Edit: As requested in a comment, the code for CreateProcess that I tried is what I found at this url:
http://www.goffconcepts.com/techarticles/development/cpp/createprocess.html
Which is (with my own parameters that I think should go there):
#include <windows.h>
#include <string>
#include <conio.h>
size_t ExecuteProcess(std::wstring FullPathToExe, std::wstring Parameters, size_t SecondsToWait)
{
size_t iMyCounter = 0, iReturnVal = 0, iPos = 0;
DWORD dwExitCode = 0;
std::wstring sTempStr = L"";
/* - NOTE - You should check here to see if the exe even exists */
/* Add a space to the beginning of the Parameters */
if (Parameters.size() != 0)
{
if (Parameters[0] != L' ')
{
Parameters.insert(0,L" ");
}
}
/* The first parameter needs to be the exe itself */
sTempStr = FullPathToExe;
iPos = sTempStr.find_last_of(L"\\");
sTempStr.erase(0, iPos +1);
Parameters = sTempStr.append(Parameters);
/* CreateProcessW can modify Parameters thus we allocate needed memory */
wchar_t * pwszParam = new wchar_t[Parameters.size() + 1];
if (pwszParam == 0)
{
return 1;
}
const wchar_t* pchrTemp = Parameters.c_str();
wcscpy_s(pwszParam, Parameters.size() + 1, pchrTemp);
/* CreateProcess API initialization */
STARTUPINFOW siStartupInfo;
PROCESS_INFORMATION piProcessInfo;
memset(&siStartupInfo, 0, sizeof(siStartupInfo));
memset(&piProcessInfo, 0, sizeof(piProcessInfo));
siStartupInfo.cb = sizeof(siStartupInfo);
if (CreateProcessW(const_cast<LPCWSTR>(FullPathToExe.c_str()),
pwszParam, 0, 0, false,
CREATE_DEFAULT_ERROR_MODE, 0, 0,
&siStartupInfo, &piProcessInfo) != false)
{
/* Watch the process. */
dwExitCode = WaitForSingleObject(piProcessInfo.hProcess, (SecondsToWait * 1000));
}
else
{
/* CreateProcess failed */
iReturnVal = GetLastError();
}
/* Free memory */
delete[]pwszParam;
pwszParam = 0;
/* Release handles */
CloseHandle(piProcessInfo.hProcess);
CloseHandle(piProcessInfo.hThread);
return iReturnVal;
}
int main(void){
ExecuteProcess(L"C:\\Users\\Adam\\Desktop\\pdftotext", L"-layout \"C:\\Users\\Adam\\Desktop\\week 4.pdf\"", 0);
_getch();
}
I'm a little bit overwhelmed since it uses some things I've never used before, but I think I understand the core (keyword: think). It doesn't solve my problem, though, because the cmd shows up and by retesting it I actually noticed that the cmd doesn't even run the .exe and doesn't give me an error message.
I hope this bit of code helps... I didn't want to look into it further since it seemed like I wasn't even going in the right direction.
Use CreateProcess instead of system.
--EDIT--
the code for CreateProcess that I tried is what I found at this url:
The code is a mess, I'd advise to avoid that url in future.
At the end of "CreateProcess" article is a link named "Creating Processes", which contains simpler example that is easier to read.
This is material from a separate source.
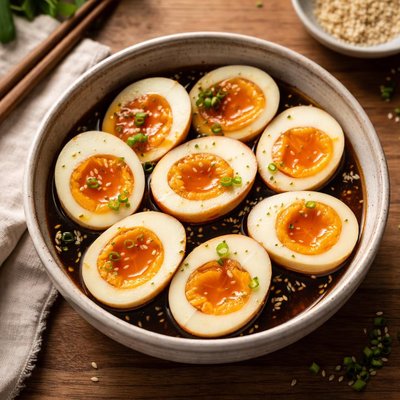 Soy marinated soft boiled egg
Use it as a starting point.
After adding the following lines for siStartupInfo, cmd window won't pop up any more with my own test *.exe.
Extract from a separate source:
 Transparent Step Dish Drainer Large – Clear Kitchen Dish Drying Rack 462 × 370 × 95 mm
siStartupInfo.dwFlags = STARTF_USESTDHANDLES | STARTF_USESHOWWINDOW;
siStartupInfo.hStdInput = GetStdHandle(STD_INPUT_HANDLE);
siStartupInfo.hStdOutput = GetStdHandle(STD_OUTPUT_HANDLE);
siStartupInfo.hStdError = GetStdHandle(STD_ERROR_HANDLE);
siStartupInfo.wShowWindow = SW_HIDE;
But I have another problem. As I try to run some other executable, whose command line would be
TEST.exe <input-file> output-file
in a cmd window, WaitForSingleObject() return 258, and GetLastError() return 1813 ("The specified resource type cannot be found in the image file.").
See system() and CreateProcess() / CreateProcessW() for more details.
Any ideas would be highly appreciated!
The only way I found how to execute an external program is:
system("start C:\file path\ file");
The only problem is that the file or directory can't have spaces.